Ser engraçado é completamente diferente de ser bobo. Meu reino por uma tirada inteligente feita por alguém de voz séria. Dou risada feito criança. Agora, quem acha que vai me fazer gargalhar porque me passou uma rasteira, escondeu minha cadeira, falou que meu cabelo tem chapinha, ou estou comendo demais etcetc, pode esperar sentado. É por essas e outras que continuo amando o meu mestre (que Deus o tenha) Saraiva, tolerância zero!
sexta-feira, 3 de abril de 2009
A arte do desapego
É difícil se desfazer de coisas velhas. Ainda mais quando tendemos ao saudosismo, romantismo e sentimentalismo barato. Seja uma caixa de revista guardada há tanto tempo debaixo da cama, uma sapatilha desbotada nunca usada, conhecidos com quem mantemos contato por pura educação, uma casa caindo aos pedaços, mas que já te trouxe paz por vários anos. É uma faca de dois gumes.

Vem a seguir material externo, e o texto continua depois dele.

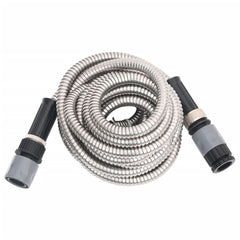 Garden Hose Silver Stainless Steel 49.2 ft Lightweight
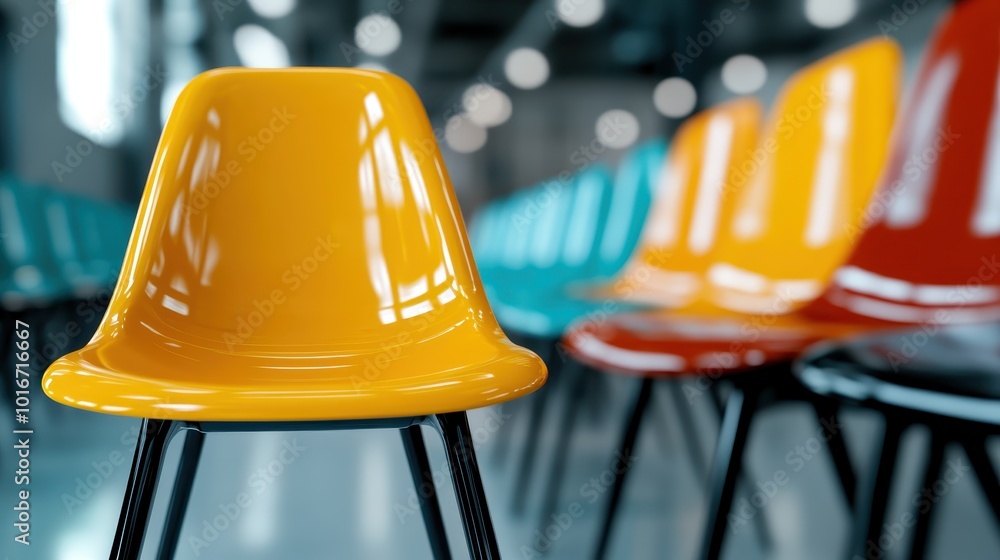 Poster a vibrant array of colorful chairs is juxtaposed against a softly blurred modern room setting, enhan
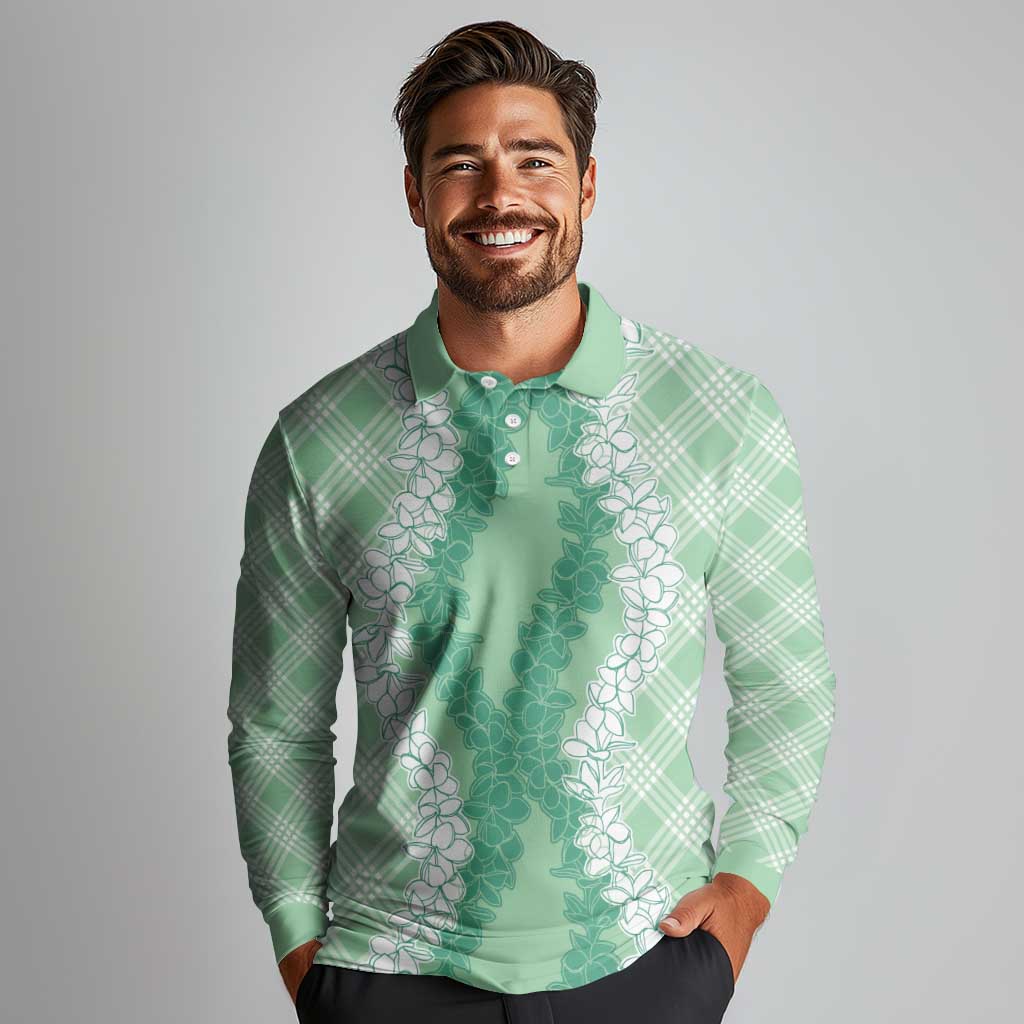 Hawaii Aloha Plumeria Lei Mint Palaka Long Sleeve Polo Shirt - Polynesian Pride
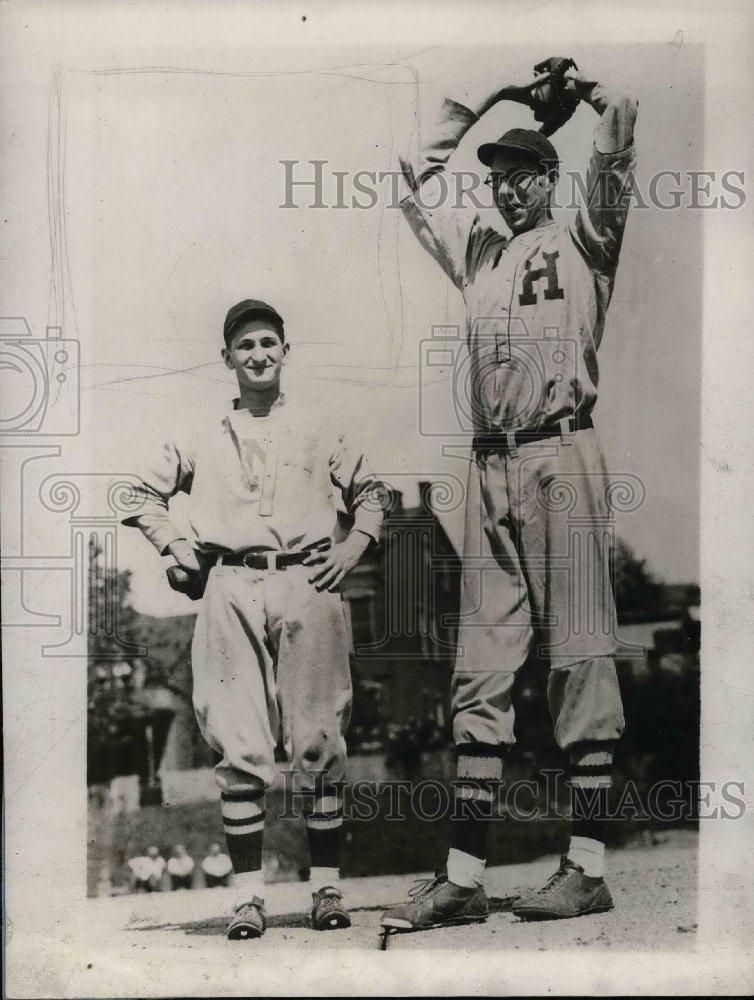 1929 Press Photo Frank Bowman Star Pitcher Hughes High School Baseball Team - Historic Images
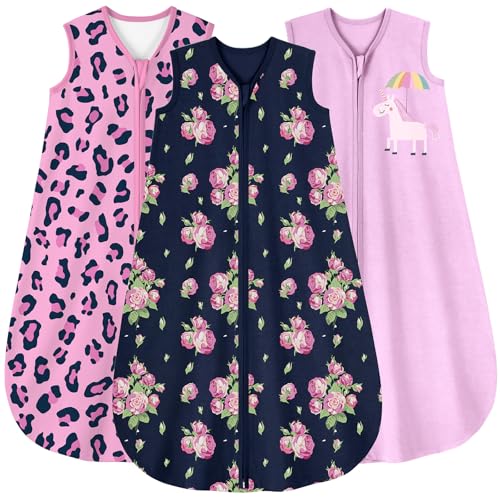 Image of Yoofoss Baby Sleep Sack 6-12 Months Wearable Blanket for Babies 100% Organic Cotton 2-Way Zipper TOG 0.5 Toddler Sleeping Sack 3 Pack, Soft Lightweight Sleep Sacks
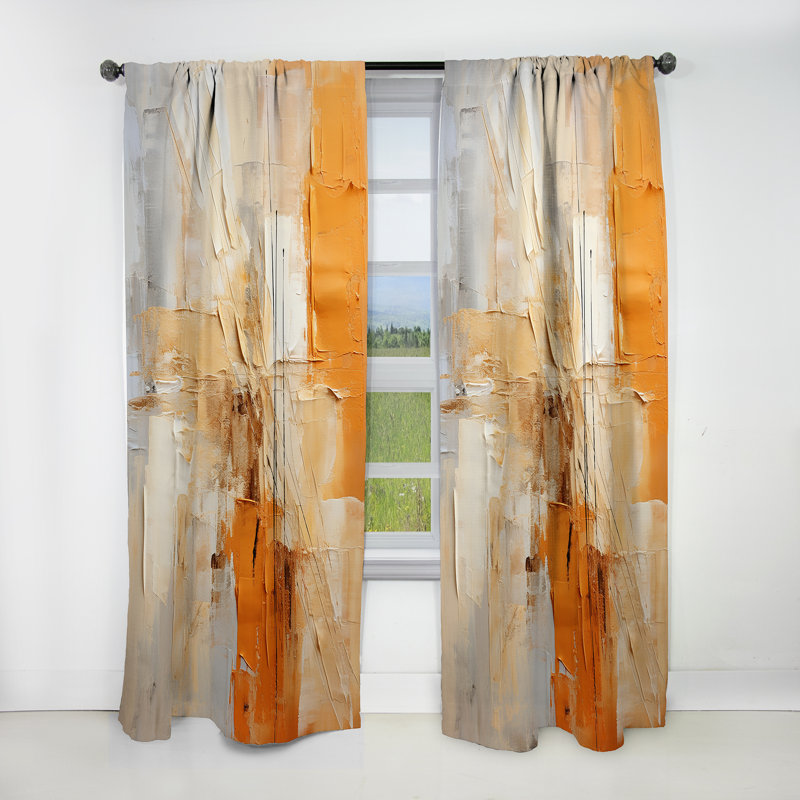 Glam Orange Beige Collage IV - Fashion Blackout Abstract Curtain - 1 Panel, 52" W x 90" L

A gente sempre sabe quando está na hora de lotar nosso lixo pessoal, e nem sempre vemos de que maneira fazer isso. As revistas, ainda que velhas, ainda trazem informações. Voltamos ao tempo em que ela era atual. Vemos as modas da época, os hits que bombavam na rádio, o amor dos velhos tempos, as gírias. Por que jogar fora se foi tudo tão bem vivido? É como se as revistas fossem embora junto com uma parte da sua vida. Daí você olha em volta e percebe que o quarto anda lotado demais pra guardá-las por mais tempo.

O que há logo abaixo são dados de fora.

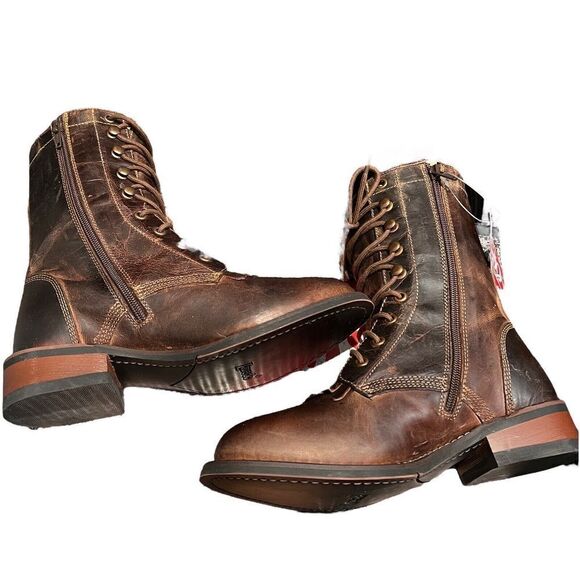 LAREDO BOOTS‎ WOMEN'S 7 BROWN SARA ROSE TAN SIDE-ZIP LEATHER WESTERN 52062 - Picture 8 of 11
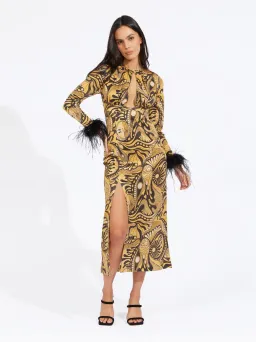 Alice McCall Gold Dust Feather Midi Dress Gold Size 4 /AU 8 for rent on The Volte - image 2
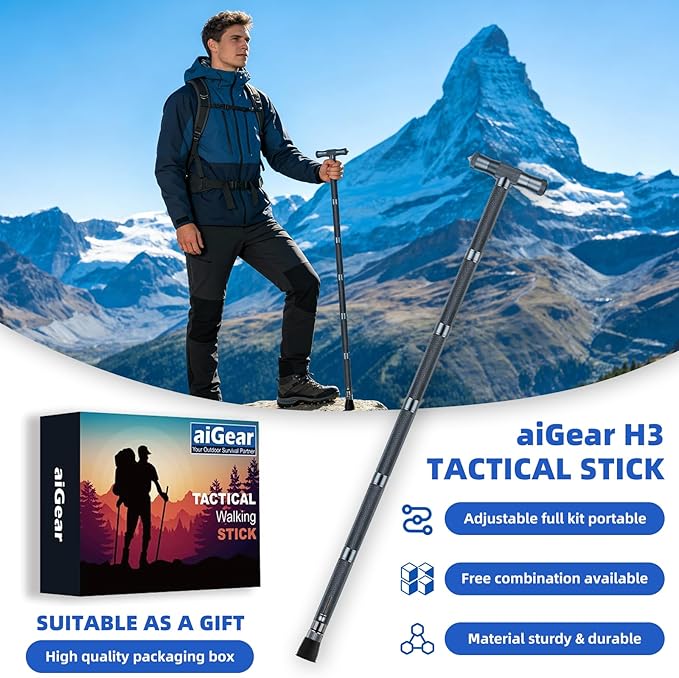 aiGear H3 Tactical Survival Walking Stick, Outdoor Hiking Staff Multitool Gear Adjustable Trekking Poles for Camping Hiking Survival 6-8 Tubes(with Multitool)
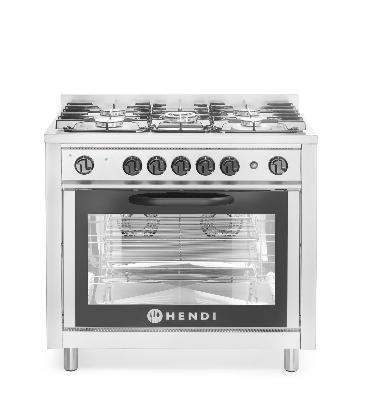 Plynový sporák – 5 horákov s elektrickou rúrou, HENDI, Kitchen Line, Strieborná, 230V/2900W, 14,3kW, 900x653x(H)900mm 225707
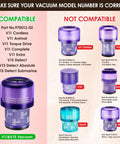Three Pack V11 And V15 Vacuum Filter Replacement Kit For Cordless Vacuums compatibility chart, parts included.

O mesmo acontece com um grupo de amigos o qual nos distanciamos por motivos de força maior. Cada um seguiu um rumo, sem brigas, mas já não é a mesma coisa. E aí a gente os vê online todos os dias e as conversas não surgem. Acompanhamos suas vidas pelo Orkut, e é aquela sensação estranha que não sei explicar. Mas até o fato de receber um scrap incomoda. A solução pro problema é simples: exclusão de ambas as listas. Pra quê manter contato com quem não te acrescenta em nada? Aí bate o sentimentalismo, você fica na corda bamba, talvez não seja pra tanto, afinal vivemos bons momentos e blábláblá... e acaba deixando tudo como está.
Apego é coisa séria. E às vezes empata a vida. Sou tão apegada às minhas coisas que tenho medo de jogar papéis antigos fora, guardo bilhetes, cartinhas, agendas, roupas, ursinhos, chinelos, toalhinhas, lápis de cor, Nintendinho, dicionário Aurélio, até de escova de dente é difícil me separar. E pra completar, guardo datas, mesmo as tristes. Tô dizendo que apego é coisa séria.
O importante é ver que existe a luz do fim do túnel. Nesse caso, chega o momento de nos desfazer dessas quinquilharias. Fácil não é, mas age tipo Novalgina. Amarga no começo e depois faz passar a dor. Apego também machuca. E aí a gente começa a se sentir mais leve (apesar do clichê, é verdade!), vai trombando com coisas novas, e percebendo que no fim, o medo de abandonar o velho era pura insegurança. Tentemos à nostalgia, mas exercitar o desapego e aceitar o novo também é uma forma de crescimento.